## Collected material
# # #

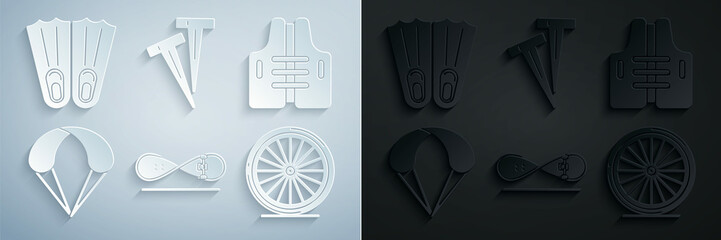 Set Skateboard trick, Life jacket, Parachute, Bicycle wheel, Pegs for tents and Rubber flippers swimming icon. Vector © Oksana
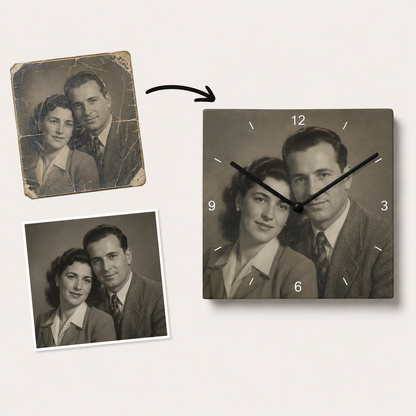 Orologio da Parete Personalizzabile con Foto – 30x30 cm Numeri Incisi Laser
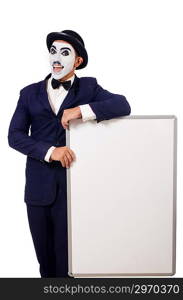 Funny man with blank board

# # #

## Directions for this task
Make an exact reproduction of the listing above, without any pictures.

## Task response
 Set Skateboard trick, Life jacket, Parachute, Bicycle wheel, Pegs for tents and Rubber flippers swimming icon. Vector © Oksana
 Orologio da Parete Personalizzabile con Foto – 30x30 cm Numeri Incisi Laser
 Funny man with blank board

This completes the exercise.